_YOUR OBJECTIVE_
Using the records that appear below, write out exactly the lines from the one with "butterfly nature cycle, an" through the one with "大宮エリーのインスタグラム：「誕生日迎えました ありがとうございます だんごが花に頬ずりしてます", keeping both end lines.

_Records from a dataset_
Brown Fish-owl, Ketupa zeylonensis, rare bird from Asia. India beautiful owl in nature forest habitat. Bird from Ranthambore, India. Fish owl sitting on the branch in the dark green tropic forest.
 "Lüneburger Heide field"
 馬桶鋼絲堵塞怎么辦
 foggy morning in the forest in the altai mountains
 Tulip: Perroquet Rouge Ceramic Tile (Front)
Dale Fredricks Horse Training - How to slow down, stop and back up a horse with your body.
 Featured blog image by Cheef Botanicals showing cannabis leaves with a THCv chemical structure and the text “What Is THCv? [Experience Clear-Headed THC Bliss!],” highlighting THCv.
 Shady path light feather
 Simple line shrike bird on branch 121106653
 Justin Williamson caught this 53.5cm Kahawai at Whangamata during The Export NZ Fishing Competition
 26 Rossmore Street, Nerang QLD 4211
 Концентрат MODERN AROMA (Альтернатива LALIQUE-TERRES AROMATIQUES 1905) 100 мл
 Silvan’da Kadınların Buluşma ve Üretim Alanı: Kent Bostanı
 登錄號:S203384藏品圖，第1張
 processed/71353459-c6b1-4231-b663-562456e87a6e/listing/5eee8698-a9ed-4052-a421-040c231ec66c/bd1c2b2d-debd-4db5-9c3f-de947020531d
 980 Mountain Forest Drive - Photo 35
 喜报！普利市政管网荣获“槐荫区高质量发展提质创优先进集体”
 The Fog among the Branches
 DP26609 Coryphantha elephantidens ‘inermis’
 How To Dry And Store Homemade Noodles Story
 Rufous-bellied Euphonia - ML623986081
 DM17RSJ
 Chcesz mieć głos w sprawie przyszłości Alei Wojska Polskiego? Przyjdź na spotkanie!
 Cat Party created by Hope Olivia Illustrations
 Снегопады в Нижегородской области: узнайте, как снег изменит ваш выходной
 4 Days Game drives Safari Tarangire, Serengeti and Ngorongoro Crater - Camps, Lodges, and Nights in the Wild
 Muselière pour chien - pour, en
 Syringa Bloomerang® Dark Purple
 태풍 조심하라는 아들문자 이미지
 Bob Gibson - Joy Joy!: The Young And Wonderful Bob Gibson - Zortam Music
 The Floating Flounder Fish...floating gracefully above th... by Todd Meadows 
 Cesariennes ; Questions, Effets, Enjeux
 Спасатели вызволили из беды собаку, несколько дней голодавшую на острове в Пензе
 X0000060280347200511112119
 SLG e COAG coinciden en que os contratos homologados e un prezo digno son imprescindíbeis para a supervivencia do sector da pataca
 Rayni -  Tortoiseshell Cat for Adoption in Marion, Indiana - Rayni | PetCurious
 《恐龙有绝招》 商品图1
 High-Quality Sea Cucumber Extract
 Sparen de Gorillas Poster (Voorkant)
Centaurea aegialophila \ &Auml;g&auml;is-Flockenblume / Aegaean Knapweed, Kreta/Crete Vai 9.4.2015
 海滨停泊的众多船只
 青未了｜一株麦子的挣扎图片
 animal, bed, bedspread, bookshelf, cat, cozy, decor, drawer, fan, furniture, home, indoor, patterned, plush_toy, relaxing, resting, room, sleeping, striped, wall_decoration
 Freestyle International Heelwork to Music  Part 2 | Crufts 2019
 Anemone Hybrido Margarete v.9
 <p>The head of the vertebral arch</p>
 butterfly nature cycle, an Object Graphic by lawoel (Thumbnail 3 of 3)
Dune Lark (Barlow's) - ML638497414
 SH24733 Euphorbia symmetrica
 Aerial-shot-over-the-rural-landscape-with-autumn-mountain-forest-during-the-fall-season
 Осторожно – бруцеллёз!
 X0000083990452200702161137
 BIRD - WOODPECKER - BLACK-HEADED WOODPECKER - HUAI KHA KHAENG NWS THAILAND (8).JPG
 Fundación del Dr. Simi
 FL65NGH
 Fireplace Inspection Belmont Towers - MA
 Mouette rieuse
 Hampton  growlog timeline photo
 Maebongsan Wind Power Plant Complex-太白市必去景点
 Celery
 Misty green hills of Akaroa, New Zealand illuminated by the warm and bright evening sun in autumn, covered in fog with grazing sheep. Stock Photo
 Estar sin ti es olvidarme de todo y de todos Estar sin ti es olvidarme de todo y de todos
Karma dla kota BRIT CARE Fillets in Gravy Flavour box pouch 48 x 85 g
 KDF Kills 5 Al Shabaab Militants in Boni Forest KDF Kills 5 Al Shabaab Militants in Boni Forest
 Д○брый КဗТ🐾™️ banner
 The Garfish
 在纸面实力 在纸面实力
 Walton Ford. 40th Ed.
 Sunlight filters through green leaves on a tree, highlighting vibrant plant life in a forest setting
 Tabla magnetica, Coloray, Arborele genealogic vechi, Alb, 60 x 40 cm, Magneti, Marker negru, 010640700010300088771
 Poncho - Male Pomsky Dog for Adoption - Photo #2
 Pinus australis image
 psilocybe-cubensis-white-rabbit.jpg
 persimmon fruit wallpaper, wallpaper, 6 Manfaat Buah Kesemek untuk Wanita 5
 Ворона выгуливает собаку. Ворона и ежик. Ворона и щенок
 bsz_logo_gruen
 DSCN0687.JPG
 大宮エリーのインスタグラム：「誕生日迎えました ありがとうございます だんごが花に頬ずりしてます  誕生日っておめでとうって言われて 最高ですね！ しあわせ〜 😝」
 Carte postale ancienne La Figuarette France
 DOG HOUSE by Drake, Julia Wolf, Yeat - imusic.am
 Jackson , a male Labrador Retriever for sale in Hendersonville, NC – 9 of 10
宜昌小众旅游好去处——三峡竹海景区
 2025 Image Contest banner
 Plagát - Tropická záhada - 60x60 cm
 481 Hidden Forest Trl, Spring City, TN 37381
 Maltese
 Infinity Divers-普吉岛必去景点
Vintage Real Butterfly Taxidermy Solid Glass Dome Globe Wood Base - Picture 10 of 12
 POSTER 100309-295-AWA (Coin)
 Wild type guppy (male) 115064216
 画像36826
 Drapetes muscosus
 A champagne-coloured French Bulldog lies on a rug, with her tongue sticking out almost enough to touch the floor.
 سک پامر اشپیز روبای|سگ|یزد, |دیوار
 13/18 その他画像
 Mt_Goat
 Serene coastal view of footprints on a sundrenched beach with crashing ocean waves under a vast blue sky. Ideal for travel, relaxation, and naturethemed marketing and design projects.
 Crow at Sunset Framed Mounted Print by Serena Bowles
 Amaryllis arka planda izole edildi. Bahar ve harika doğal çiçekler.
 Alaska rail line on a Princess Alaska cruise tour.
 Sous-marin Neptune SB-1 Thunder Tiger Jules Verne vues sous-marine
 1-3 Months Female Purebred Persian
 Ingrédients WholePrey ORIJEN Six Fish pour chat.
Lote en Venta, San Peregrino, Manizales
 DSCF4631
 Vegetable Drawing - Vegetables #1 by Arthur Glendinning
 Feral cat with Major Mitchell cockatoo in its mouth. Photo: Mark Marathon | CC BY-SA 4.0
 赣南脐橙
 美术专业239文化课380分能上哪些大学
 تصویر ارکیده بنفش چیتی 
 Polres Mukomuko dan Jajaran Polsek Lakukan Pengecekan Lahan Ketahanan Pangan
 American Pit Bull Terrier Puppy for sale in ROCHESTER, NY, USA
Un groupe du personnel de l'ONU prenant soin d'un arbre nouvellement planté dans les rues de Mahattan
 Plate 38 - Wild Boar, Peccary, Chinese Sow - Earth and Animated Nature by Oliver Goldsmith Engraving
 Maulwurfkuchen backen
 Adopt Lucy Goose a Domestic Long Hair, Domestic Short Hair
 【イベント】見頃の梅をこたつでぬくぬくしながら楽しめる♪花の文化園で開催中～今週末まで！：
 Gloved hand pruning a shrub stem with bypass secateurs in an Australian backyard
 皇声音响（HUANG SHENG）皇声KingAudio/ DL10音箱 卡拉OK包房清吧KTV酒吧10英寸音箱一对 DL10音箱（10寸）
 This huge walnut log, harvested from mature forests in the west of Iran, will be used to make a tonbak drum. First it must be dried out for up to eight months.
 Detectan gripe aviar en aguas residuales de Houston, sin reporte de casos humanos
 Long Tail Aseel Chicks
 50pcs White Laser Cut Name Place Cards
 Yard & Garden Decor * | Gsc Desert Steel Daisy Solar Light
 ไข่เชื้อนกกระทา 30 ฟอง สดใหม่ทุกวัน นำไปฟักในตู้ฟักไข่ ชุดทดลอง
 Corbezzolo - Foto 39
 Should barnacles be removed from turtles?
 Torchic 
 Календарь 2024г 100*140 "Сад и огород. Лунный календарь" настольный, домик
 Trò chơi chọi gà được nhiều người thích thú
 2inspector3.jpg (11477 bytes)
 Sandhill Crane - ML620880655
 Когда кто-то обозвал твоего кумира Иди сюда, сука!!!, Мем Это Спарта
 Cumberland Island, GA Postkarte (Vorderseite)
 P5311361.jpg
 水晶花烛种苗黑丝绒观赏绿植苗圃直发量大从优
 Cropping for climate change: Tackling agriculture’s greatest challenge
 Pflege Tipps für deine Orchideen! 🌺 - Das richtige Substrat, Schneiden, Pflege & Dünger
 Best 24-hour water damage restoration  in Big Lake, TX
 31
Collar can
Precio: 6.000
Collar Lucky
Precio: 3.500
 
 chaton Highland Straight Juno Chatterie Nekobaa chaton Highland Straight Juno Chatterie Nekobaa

_RESPONSE FOR THIS EXERCISE_
 butterfly nature cycle, an Object Graphic by lawoel (Thumbnail 3 of 3)
Dune Lark (Barlow's) - ML638497414
 SH24733 Euphorbia symmetrica
 Aerial-shot-over-the-rural-landscape-with-autumn-mountain-forest-during-the-fall-season
 Осторожно – бруцеллёз!
 X0000083990452200702161137
 BIRD - WOODPECKER - BLACK-HEADED WOODPECKER - HUAI KHA KHAENG NWS THAILAND (8).JPG
 Fundación del Dr. Simi
 FL65NGH
 Fireplace Inspection Belmont Towers - MA
 Mouette rieuse
 Hampton  growlog timeline photo
 Maebongsan Wind Power Plant Complex-太白市必去景点
 Celery
 Misty green hills of Akaroa, New Zealand illuminated by the warm and bright evening sun in autumn, covered in fog with grazing sheep. Stock Photo
 Estar sin ti es olvidarme de todo y de todos Estar sin ti es olvidarme de todo y de todos
Karma dla kota BRIT CARE Fillets in Gravy Flavour box pouch 48 x 85 g
 KDF Kills 5 Al Shabaab Militants in Boni Forest KDF Kills 5 Al Shabaab Militants in Boni Forest
 Д○брый КဗТ🐾™️ banner
 The Garfish
 在纸面实力 在纸面实力
 Walton Ford. 40th Ed.
 Sunlight filters through green leaves on a tree, highlighting vibrant plant life in a forest setting
 Tabla magnetica, Coloray, Arborele genealogic vechi, Alb, 60 x 40 cm, Magneti, Marker negru, 010640700010300088771
 Poncho - Male Pomsky Dog for Adoption - Photo #2
 Pinus australis image
 psilocybe-cubensis-white-rabbit.jpg
 persimmon fruit wallpaper, wallpaper, 6 Manfaat Buah Kesemek untuk Wanita 5
 Ворона выгуливает собаку. Ворона и ежик. Ворона и щенок
 bsz_logo_gruen
 DSCN0687.JPG
 大宮エリーのインスタグラム：「誕生日迎えました ありがとうございます だんごが花に頬ずりしてます  誕生日っておめでとうって言われて 最高ですね！ しあわせ〜 😝」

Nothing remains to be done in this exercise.